• **Short descriptive text snippets**
┄┄┄┄┄┄┄┄┄┄┄┄┄┄┄┄┄┄┄┄

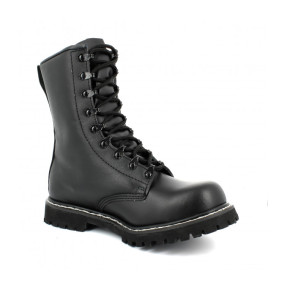 Rangers Cuir Para coquée - occasion - Miltec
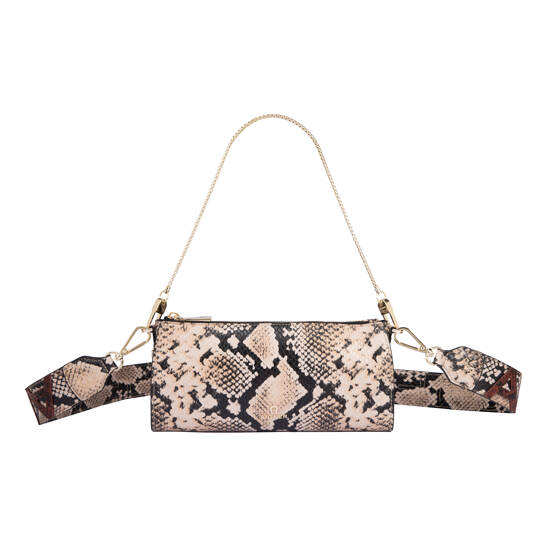 Mini-Tasche Ivy Serpente S
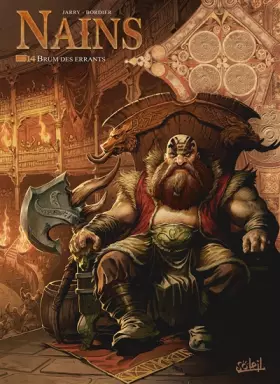 Couverture du produit · Nains T14: Brum des Errants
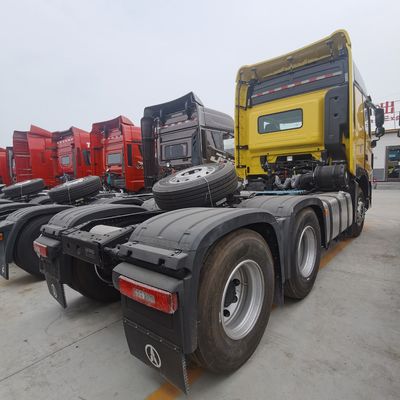 Передний подъемный стиль тяжелая работа 6X4 дизель Beiben буксируемый транспортное средство ручная трансмиссия тип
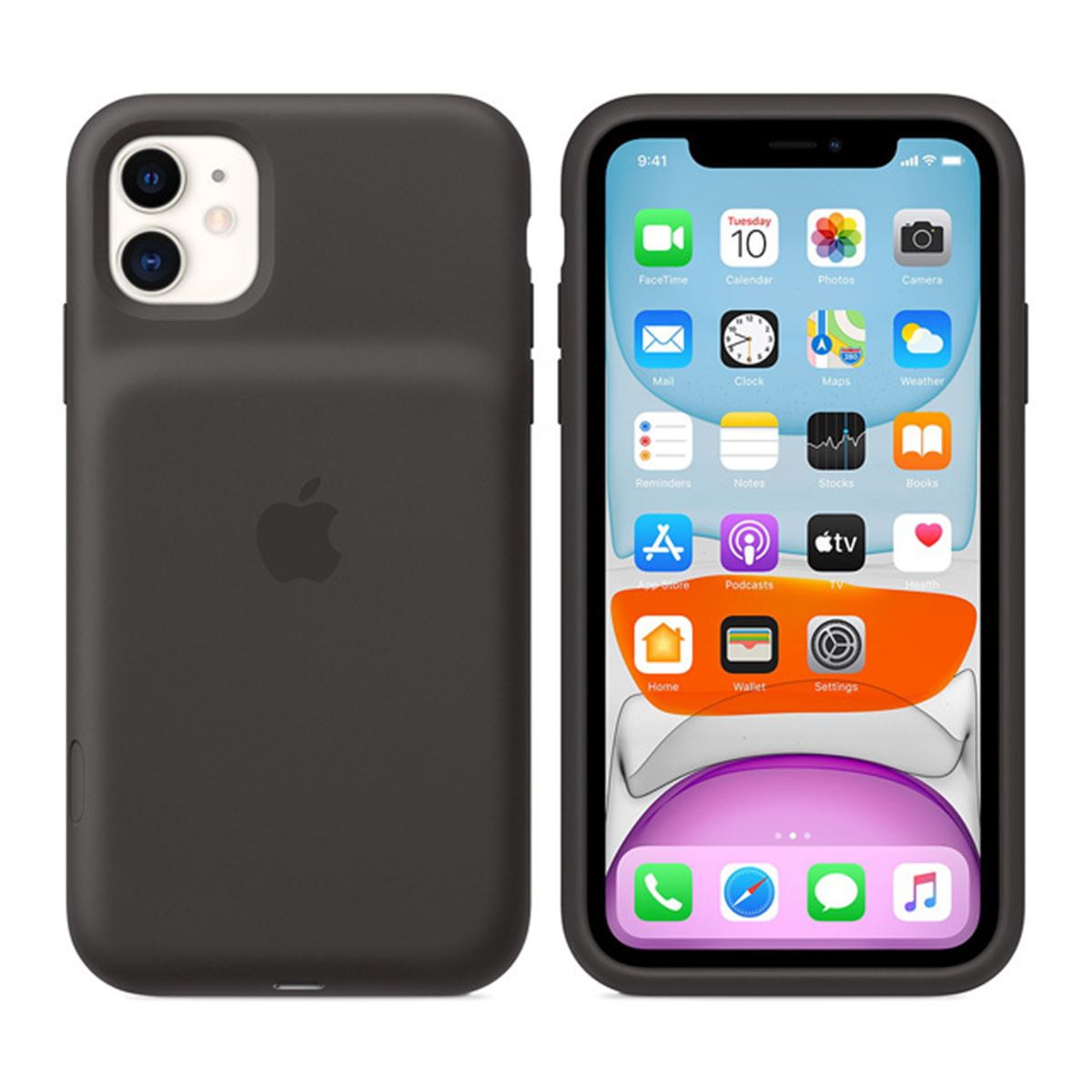 アップル、カメラボタン新搭載のiPhone 11シリーズ用Smart Battery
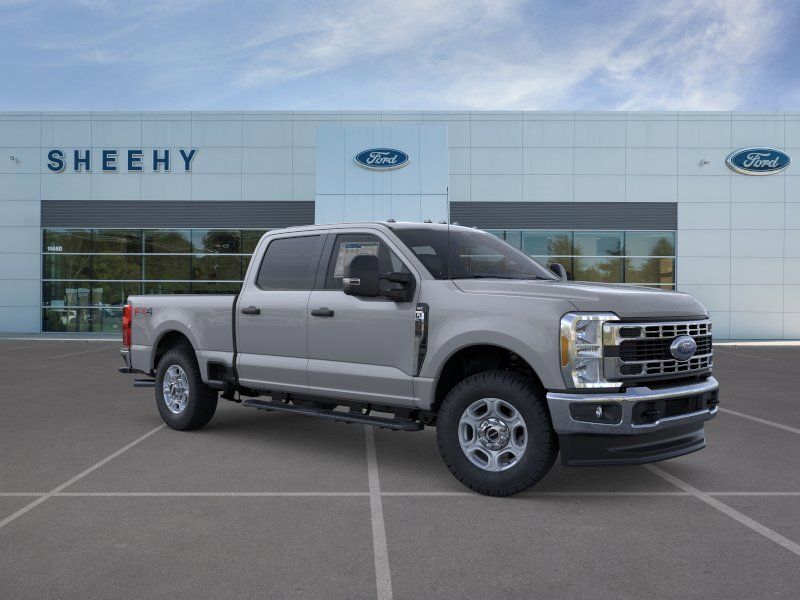 2026 Ford F-250SD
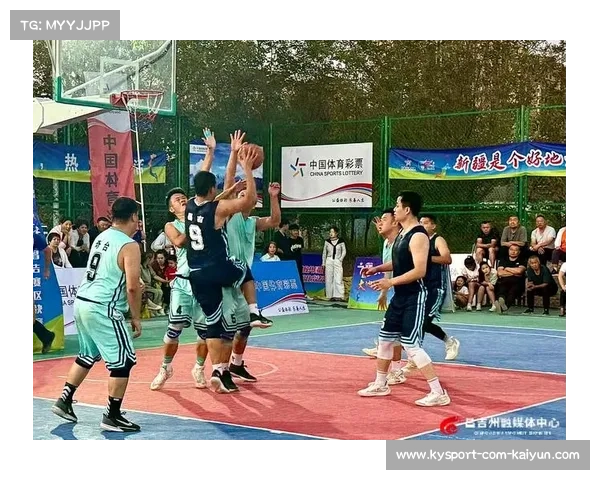 乡村篮球赛总决赛落幕，观赛人数破纪录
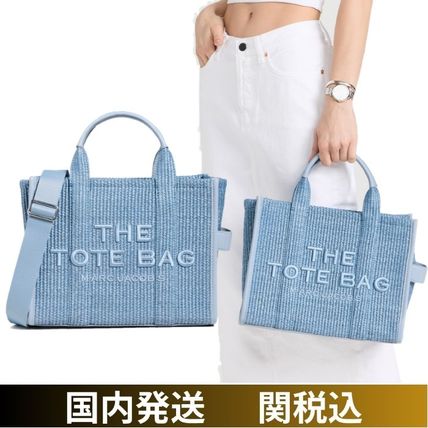 MARC JACOBS(マークジェイコブス) かごバッグ(レディース) - ブランド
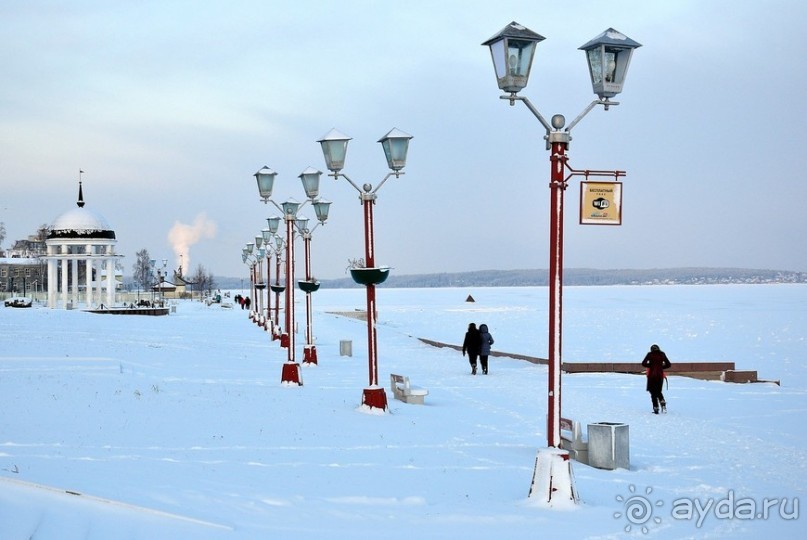 Петрозаводск перед Рождеством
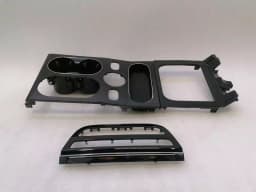 BENTLEY BENTLEY BENTAYGA 36A MK2 CENTRE CONSOLE VENEER TRIM 36A860687 RIGHT HAND DRIVE RHD — thumbnail 1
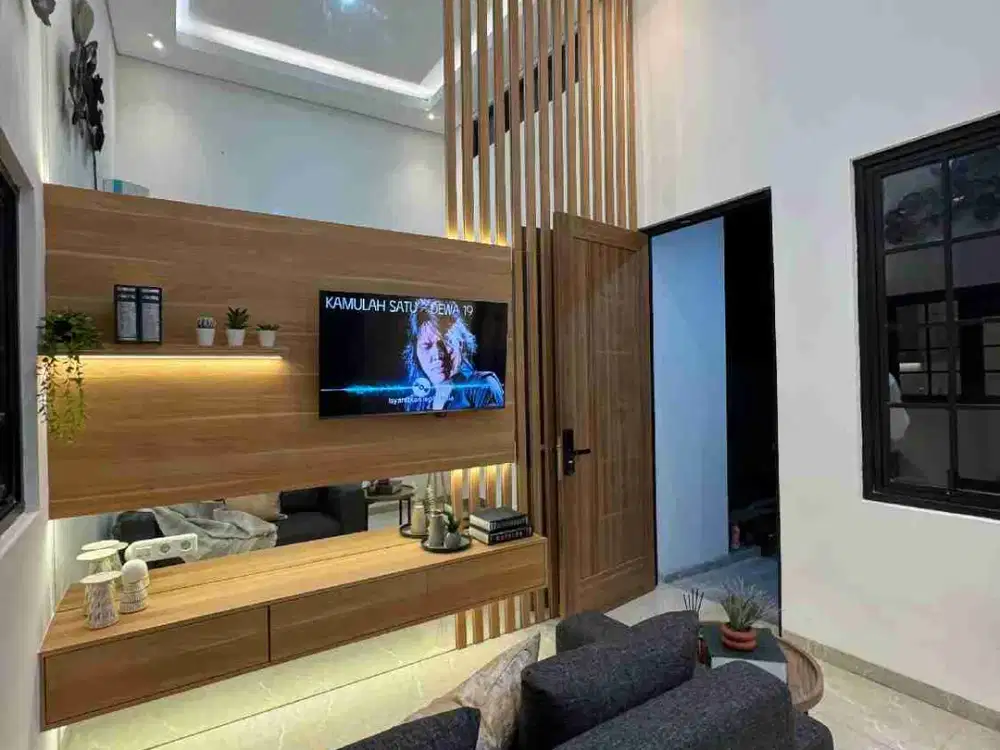 Rumah baru strategis murah dekat pintu tol Soreang bandung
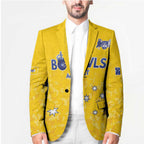 Australian ACT Lawn Bowls Custom Blazer Aussie Minimalist Style - Aussie Hoodie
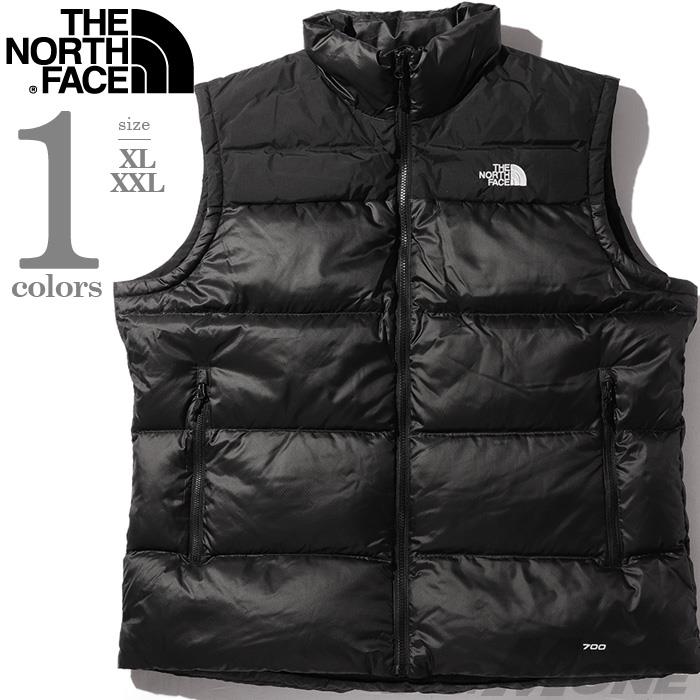 大きいサイズ メンズ THE NORTH FACE ノースフェイス ダウン ベスト USA直輸入 nf0a8994-ph5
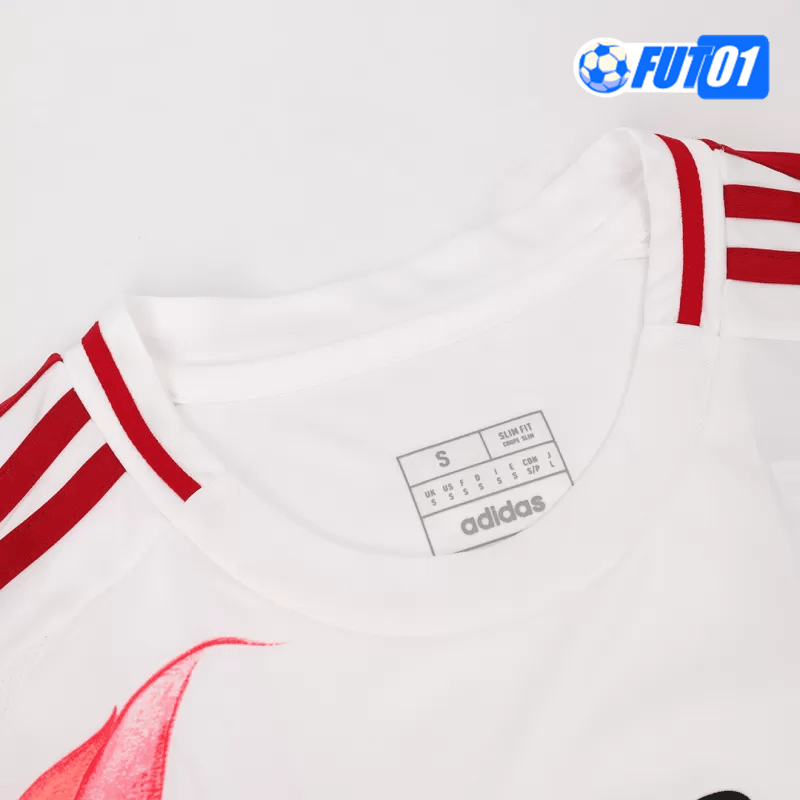 Camiseta Japón Away 2024 Blanco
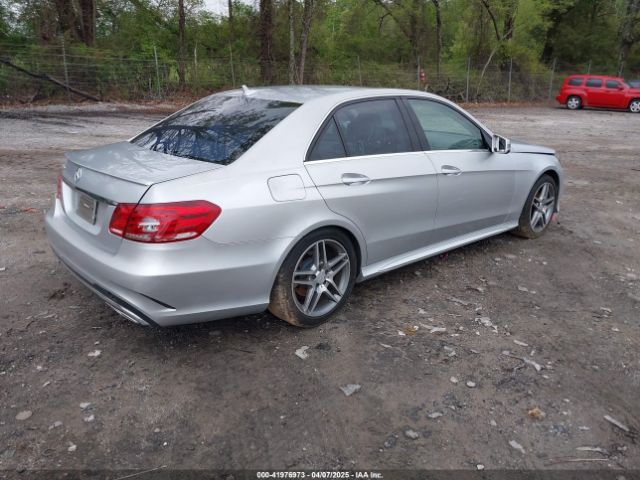 WDDHF5KB2EA812825 Mercedes-Benz E 350
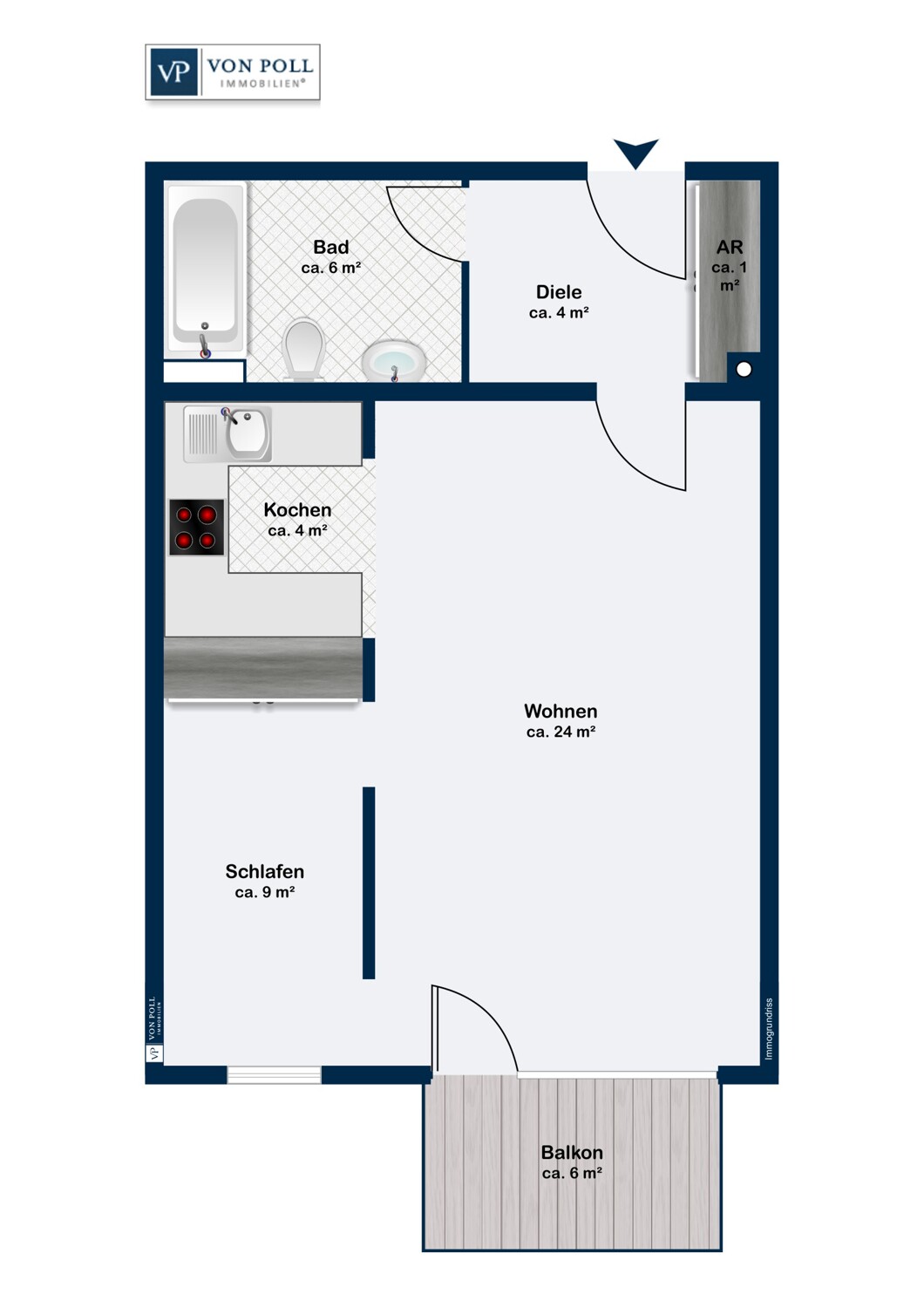 Grundriss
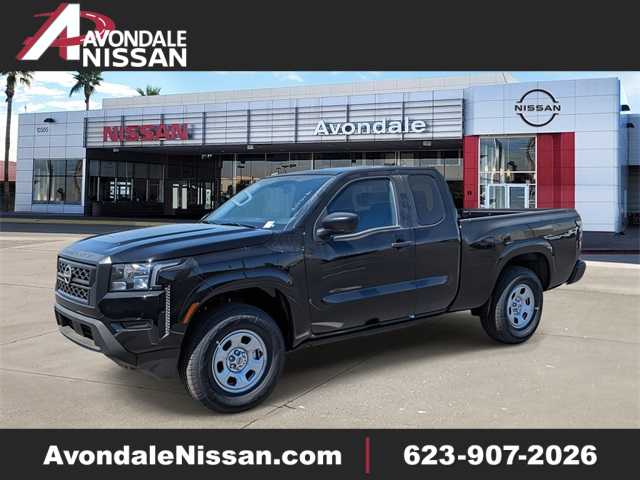 2024 Nissan Frontier S -
                Avondale, AZ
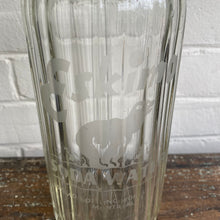 Load image into Gallery viewer, Vintage Eskimo Soda Water Bottle - Montreal
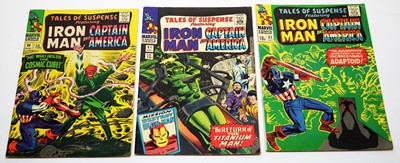 Lot 687 - Marvel Comics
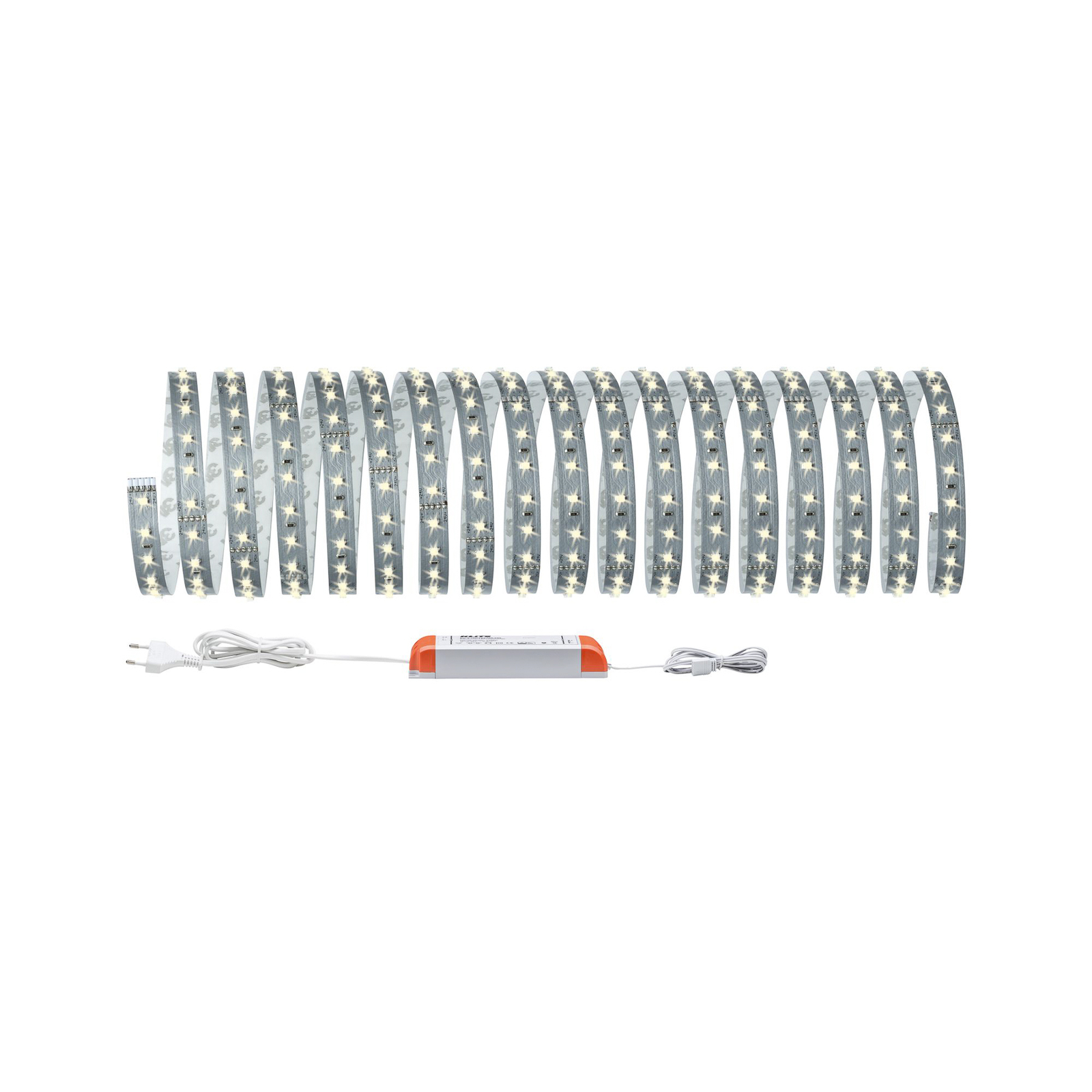 Paulmann MaxLED 500 basic set IP20 warm white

┄┄┄┄┄┄┄┄┄┄┄┄┄┄┄┄┄┄┄┄

• **TO DO**
The answer must be the exact lines from the line with "Avondale, AZ" to the final line of the data, both ends included, with no pictures.

• **FINISHED EXERCISE**
                Avondale, AZ
 Load image into Gallery viewer, Vintage Eskimo Soda Water Bottle - Montreal
 Lot 687 - Marvel Comics
 Paulmann MaxLED 500 basic set IP20 warm white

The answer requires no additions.